Wednesday, 4 January 2017

The Revenant tops our favourite films of 2016 list

"Revenge is in the creator's hands," real life frontiersman Hugh Glass is told midway through Mexican boundary pusher Alejandro G. Iñárritu's extraordinary wilderness drama.

It is this feeling of vengeance that boils inside Glass (Leonardo DiCaprio) throughout much of this two and a half hour epic – and little wonder. Mauled by a bear, left for dead by his own men and witness to the murder of his son, Glass' bleak and bloody survival in this harsh 1820s terrain is motivated by one reason alone – to even the score.
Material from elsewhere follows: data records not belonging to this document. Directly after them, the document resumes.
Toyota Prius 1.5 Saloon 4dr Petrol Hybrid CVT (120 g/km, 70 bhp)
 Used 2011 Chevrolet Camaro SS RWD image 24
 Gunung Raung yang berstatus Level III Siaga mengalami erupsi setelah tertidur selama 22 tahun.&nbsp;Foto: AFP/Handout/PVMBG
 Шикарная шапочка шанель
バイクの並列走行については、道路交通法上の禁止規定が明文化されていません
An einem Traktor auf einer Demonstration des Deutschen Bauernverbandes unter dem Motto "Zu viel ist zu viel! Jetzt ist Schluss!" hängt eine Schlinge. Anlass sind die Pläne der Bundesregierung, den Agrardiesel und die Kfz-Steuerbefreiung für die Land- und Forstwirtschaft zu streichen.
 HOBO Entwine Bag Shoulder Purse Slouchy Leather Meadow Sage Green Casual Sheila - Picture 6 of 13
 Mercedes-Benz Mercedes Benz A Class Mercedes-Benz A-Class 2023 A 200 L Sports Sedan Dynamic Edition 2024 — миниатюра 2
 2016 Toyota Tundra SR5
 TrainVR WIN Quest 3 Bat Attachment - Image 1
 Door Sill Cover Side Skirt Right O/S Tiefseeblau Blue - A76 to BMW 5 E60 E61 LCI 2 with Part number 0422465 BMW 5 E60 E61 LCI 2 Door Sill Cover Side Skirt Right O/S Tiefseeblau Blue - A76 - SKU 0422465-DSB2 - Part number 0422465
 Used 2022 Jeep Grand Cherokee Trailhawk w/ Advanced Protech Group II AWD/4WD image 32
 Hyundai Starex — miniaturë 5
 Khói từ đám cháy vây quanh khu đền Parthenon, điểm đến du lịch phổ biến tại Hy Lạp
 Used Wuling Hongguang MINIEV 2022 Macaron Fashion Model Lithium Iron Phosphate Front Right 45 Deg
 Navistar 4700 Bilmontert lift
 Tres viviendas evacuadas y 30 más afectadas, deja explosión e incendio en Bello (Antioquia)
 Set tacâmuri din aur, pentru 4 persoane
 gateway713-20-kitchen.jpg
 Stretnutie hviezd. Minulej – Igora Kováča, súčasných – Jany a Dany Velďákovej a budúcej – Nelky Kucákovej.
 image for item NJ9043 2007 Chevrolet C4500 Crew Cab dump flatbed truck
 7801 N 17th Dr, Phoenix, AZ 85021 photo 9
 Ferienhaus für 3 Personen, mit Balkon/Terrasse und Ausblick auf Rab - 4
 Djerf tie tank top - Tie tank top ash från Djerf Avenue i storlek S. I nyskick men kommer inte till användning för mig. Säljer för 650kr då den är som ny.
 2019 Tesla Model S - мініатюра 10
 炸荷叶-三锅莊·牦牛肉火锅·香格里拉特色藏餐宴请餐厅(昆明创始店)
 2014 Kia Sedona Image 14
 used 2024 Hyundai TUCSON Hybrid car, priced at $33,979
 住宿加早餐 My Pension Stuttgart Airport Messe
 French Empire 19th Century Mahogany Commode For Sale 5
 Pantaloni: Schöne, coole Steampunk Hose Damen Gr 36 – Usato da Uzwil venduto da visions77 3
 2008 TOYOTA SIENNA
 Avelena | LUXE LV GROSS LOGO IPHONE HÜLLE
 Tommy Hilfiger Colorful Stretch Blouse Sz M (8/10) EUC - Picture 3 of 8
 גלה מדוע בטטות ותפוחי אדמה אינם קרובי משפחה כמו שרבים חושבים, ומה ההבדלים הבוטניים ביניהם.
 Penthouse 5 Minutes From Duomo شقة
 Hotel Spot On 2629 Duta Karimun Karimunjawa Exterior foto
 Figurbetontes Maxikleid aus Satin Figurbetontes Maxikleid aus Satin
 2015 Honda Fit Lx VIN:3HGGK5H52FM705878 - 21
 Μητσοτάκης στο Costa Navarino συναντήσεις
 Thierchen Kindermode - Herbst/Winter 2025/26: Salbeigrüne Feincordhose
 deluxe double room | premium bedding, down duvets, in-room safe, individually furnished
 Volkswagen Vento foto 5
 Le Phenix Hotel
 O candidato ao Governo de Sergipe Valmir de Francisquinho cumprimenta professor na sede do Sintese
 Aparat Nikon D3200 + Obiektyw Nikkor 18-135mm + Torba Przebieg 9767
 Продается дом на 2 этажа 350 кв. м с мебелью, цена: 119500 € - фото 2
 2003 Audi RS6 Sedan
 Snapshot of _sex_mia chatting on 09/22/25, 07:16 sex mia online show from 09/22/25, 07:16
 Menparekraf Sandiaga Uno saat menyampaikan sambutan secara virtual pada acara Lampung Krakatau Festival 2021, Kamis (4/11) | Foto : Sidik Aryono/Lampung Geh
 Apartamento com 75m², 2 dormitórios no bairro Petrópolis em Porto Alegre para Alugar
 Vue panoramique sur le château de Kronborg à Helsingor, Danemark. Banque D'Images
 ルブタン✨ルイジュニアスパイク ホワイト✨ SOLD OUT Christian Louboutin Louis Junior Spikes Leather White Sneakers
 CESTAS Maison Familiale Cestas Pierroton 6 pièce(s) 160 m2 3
That bare outline doesn't even begin to capture the sheer wild ambition, beauty and savagery on show in The Revenant. Far more challenging than even Iñárritu's Academy Award® winner Birdman (2014), this is his Apocalypse Now (1979) or Fitzcarraldo (1982) – man versus the elements, both on screen and off. Reports of arduous nine-month shoot endured by cast and crew in the Canadian wilderness have become cinematic legend, but whatever hardships they went through, it was certainly worth it.

In the first five minutes, Iñárritu and his Birdman cinematographer Emmanuel Lubezki will leave you agog with a scene of arrow whizzing, tomahawk wielding carnage as Glass and his fellow fur trappers, led by the resourceful Captain Andrew Henry (Domhnall Gleeson), are set upon by a gang of Native Americans.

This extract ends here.